Skywatch
Author: Phil Braudaway-Bauman
“When I look at your heavens, the work of your fingers, the moon and the stars that you have established; what are human beings that you are mindful of them, mortals that you care for them?” Psalm 8:3-4
“Philip, you’re going to have to finish this telescope without me.” Upon placing the eyepiece into its holder near the top end of the scope, my father had just discovered we had erred in measuring the instrument’s focal length: the image was horribly blurred. At my boarding school’s request, Dad had taken a poorly shaped 8-inch mirror it owned, and meticulously reground and polished its surface by hand into a precise parabolic concave shape. And then during a week-long visit to the school, he and I constructed the telescope, clamping the mirror into its cell structure, securing the cell and secondary (angled) mirror into a 6-foot long aluminum tube fashioned by a local metalsmith, fitting the eyepiece to the side, and building a mount sufficient to hold the instrument, with two sledgehammer heads as counterweights to the scope’s mass.

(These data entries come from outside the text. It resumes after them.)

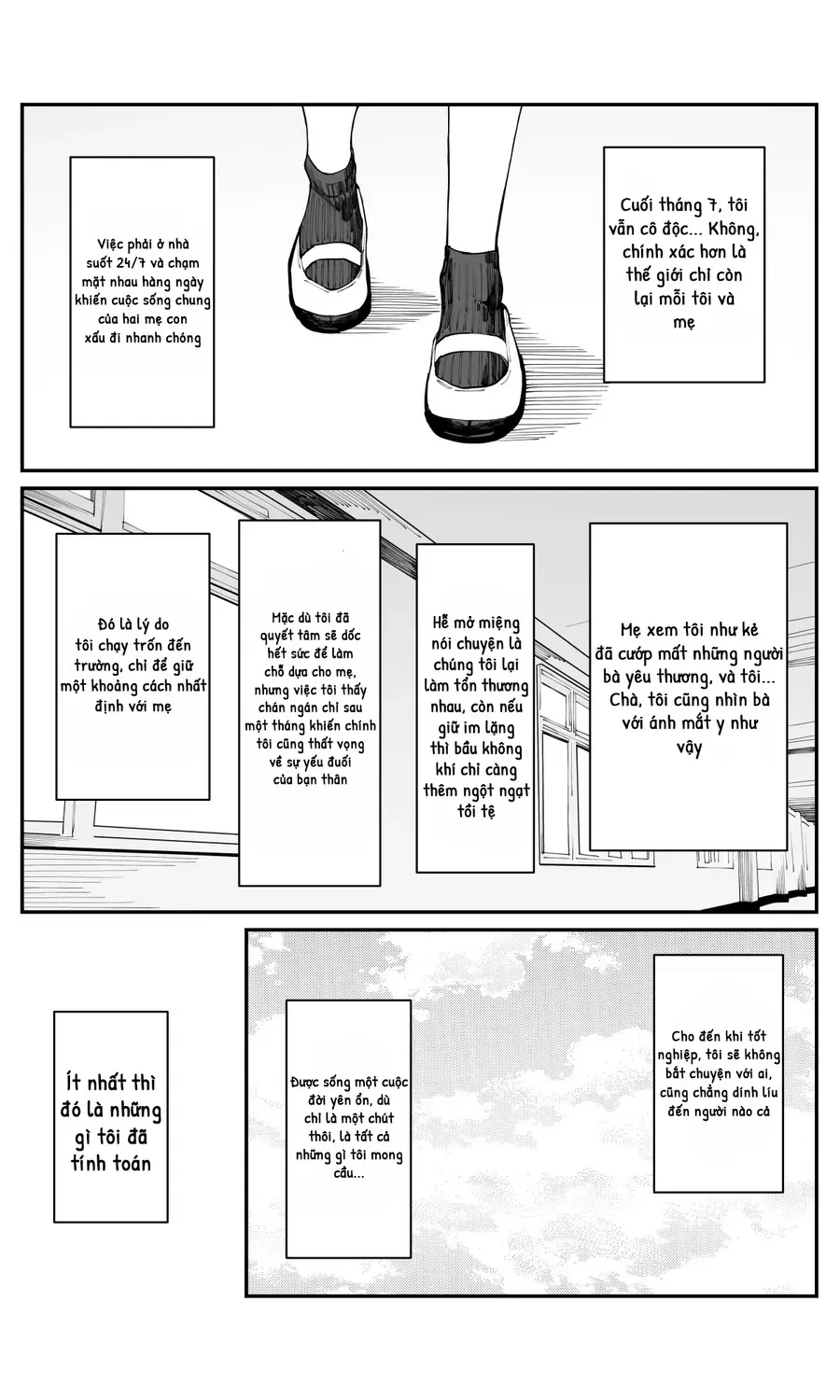 Imasara Desu Ga, Osananajimi Wo Suki Ni Natte Shimaimashita Chapter 31 - Trang 12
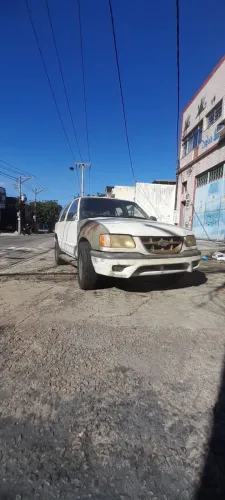 Chevrolet S10 Blazer DLX 2.2 MPFI / EFI 1996
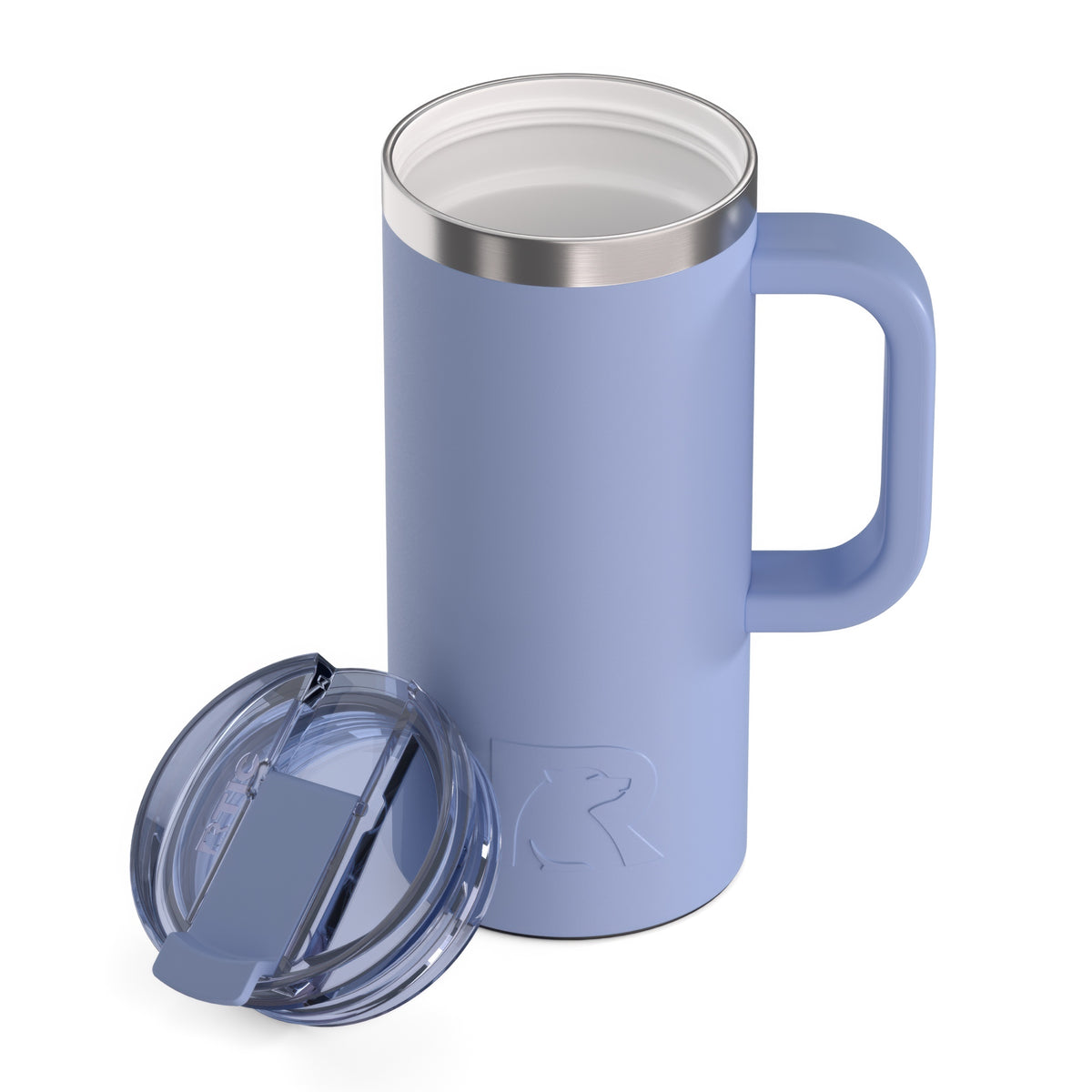 RTIC 16 oz Road Trip Ceramic-Lined Travel Mug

But time had run out: Dad had a train to catch to return home. The final task was left to me: “Drill three new holes and move the cell and mirror a couple inches up the tube; it should work,” he instructed.
I am not nearly the astronomer that my father was. A lifelong observer of the heavens, Dad was intimately familiar with its panoply of stars, the wanderings of planets, and intricate features of our moon’s surface, a knowledge acquired through years of observations through his homemade telescopes, including two constructed around 6-inch mirrors he ground and polished from Pyrex glass blanks. Celestial observation was, for him, a direct connection to the Divine, a reminder of the magnitude of God’s creative and generative essence. “What are human beings that you are mindful of them?,” the psalmist asks, and in response I hear my father bear witness, “The heavens are telling the glory of God, the firmament proclaims his handiwork.” (Ps. 19).
“First Light,” it’s called – the moment a telescope is first pointed to the sky in astronomical observation. About 10 p.m., after Dad had departed and I had repositioned the cell, I lugged the unwieldy instrument out to the school’s central quadrangle courtyard, and strapped it into the mount. School Superintendent Bob Alter, out for a late night stroll, stopped to inquire: “Can we see anything?” I didn’t take time to select an object, just pointed the long tube directly up into the sky. To our naked eyes the Milky Way overhead was a broad swath, a whitewash brushstroke against the inky black sky. But in the telescope’s eyepiece the tiny field of view on which I had focused revealed an ocean of individual points of light, countless stars, just in that one little patch – our scope’s First Light.
After Dad died in 2007, Mom shipped me the scope he had built in retirement. Unfortunately, neither of us thought to remove the 6-inch mirror, which came unseated during shipping and rolled around unprotected in the 4 ½ foot long tube, scratching its finish and chipping the glass beyond repair. Having let it sit the past several years, I finally last week ordered a new primary mirror (factory-made; the idea of grinding my own from scratch being rather daunting!), and I’m going to try to piece everything back together. In this season of disruption, uncertainty, and loss there is something alluring in the idea of pointing a scope to the sky, immersing oneself in a reality broader and more wondrous than the imagination. Perhaps in those heavens I’ll encounter an element of the Divine as well, an encounter that I pray will illumine a Presence here on earth.
“God of the heavens, open our eyes to the wonder of your creative presence in the universe, and in our own lives. May we attune our hearts to your regenerative love, that counts even us, mere mortals, as worthy of your care.”